MEMORANDUM OPINION AND ORDER
THIS MATTER comes before the Court on Motion to Exclude Witness Joseph Otero Testimony, filed March 22, 2018 (Doc. 2141)(“Motion”). In the Motion, Defendant Christopher Chavez asserts that, “[o]n March 21, 2018, FBI Special Agent Leysha Lopez Recci interviewed Joseph Otero,” which “produced an FBI 302” that “was entered on March 22, 2018,” but was not provided to Chavez until April 12, 2018. Motion at 2. Chavez contends that “[t]he contents of the 302 were statements heretofore not previously attributable to any 302, state investigative report or transcript from any hearing.” Motion at 2. Chavez reproduces, in his Motion, the portion of the Otero 302 that he finds objectionable:
GARZA was killed pretty early in the morning, around the time that the cell[s] were unlocked. Christopher CHAVEZ aka “Critter,” Eugene MARTINEZ, and Allen PATTERSON, aka “Trigger,” killed GARZA. When OTERO looked into GARZA'S cell, CHAVEZ was Holding [sic] GARZA and strangling him, and MARTINEZ and PATTERSON were attacking him too. GARZA was killed because he was a member of Los Carnales gang. OTERO did not agree with this. OTERO was never a member of the SNM, however he was sometimes seen as one of them because he was housed with SNM members. To this day, OTERO remembers the look on GARZA's face as if begging for help.

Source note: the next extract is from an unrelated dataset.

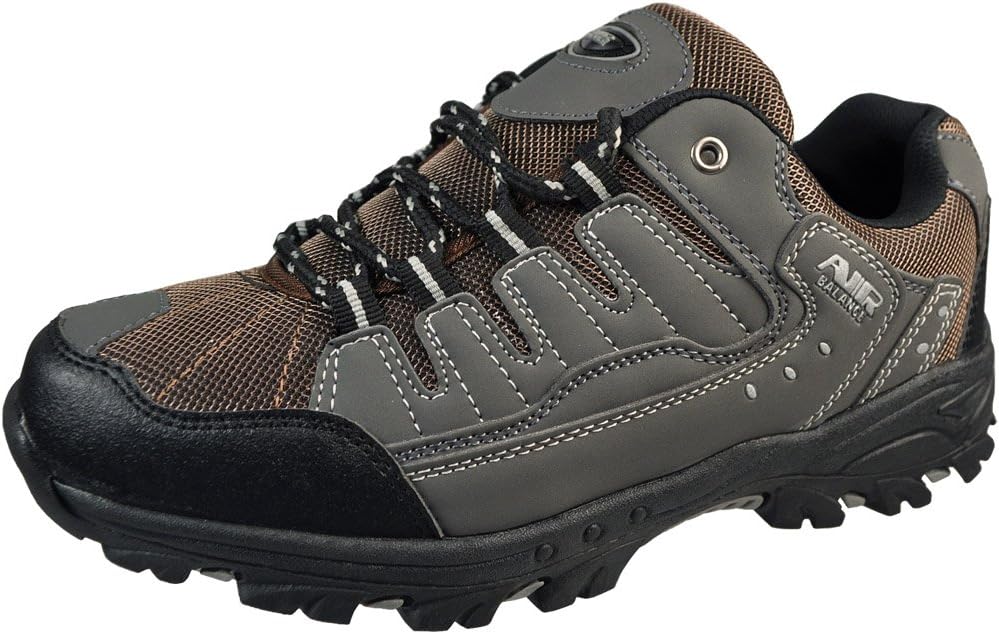 Air Balance Boys Dark Grey/Brown Hiking Shoes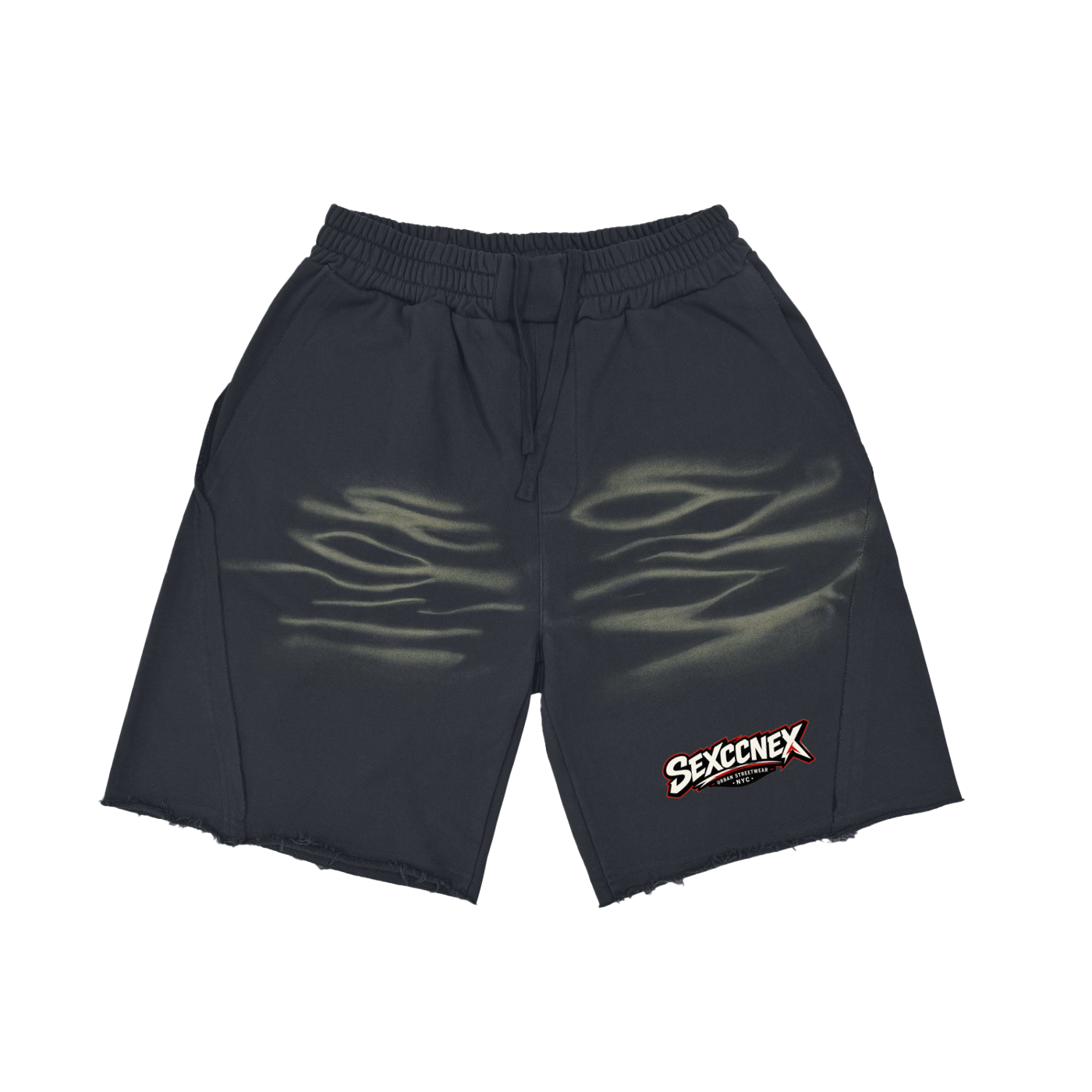 Vintage Washed Tiger Stripes Short Pants (Colorways)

Motion at 2 (quoting DeLeon 61816-61817). Chavez argues that Plaintiff United States of America's April 12, 2018 disclosure violated the Court's March 26, 2018, deadline for disclosure under the Jencks Act, 18 U.S.C. § 3500,1 so he “proposes the Court prohibit and preclude Joseph Otero to testify consistent with the contents of the aforementioned FBI 302.” Motion at 3.2
Prohibiting Otero to testify about the matters that the Otero 302 contains, however, is not an appropriate remedy for the Otero 302's delayed disclosure. The United States complied with the Jencks Act even if it did not comply with the Jencks deadline to which it agreed -- March 26, 2018 -- because it produced the Otero 302 before Otero completed testifying on direct examination. See 18 U.S.C. § 3500(b). Consequently, the Jencks Act's draconian remedial provision -- which states that, in the event of a Jencks Act violation, “the court shall strike from the record the testimony of the witness, and the trial shall proceed unless the court in its discretion shall determine that the interests of justice require that a mistrial be declared” -- does not apply. 18 U.S.C. § 3500(d). Further, the United States Court of Appeals for the Tenth Circuit has declared that, notwithstanding the Jencks Act's mandatory phrasing, “[t]he Jencks Act does not require a striking of testimony or the declaring of a mistrial for every failure to comply.” United States v. Heath, 580 F.2d 1011, 1019 (10th Cir. 1978). Instead, “[t]he remedy or sanction in each instance is for the trial court to impose.” United States v. Heath, 580 F.2d at 1019. “Courts have found that late disclosure caused no prejudice in instances where an opportunity for full cross-examination had been provided and where the trial court found no bad faith on the prosecutor's part.” United States v. Heath, 580 F.2d at 1019.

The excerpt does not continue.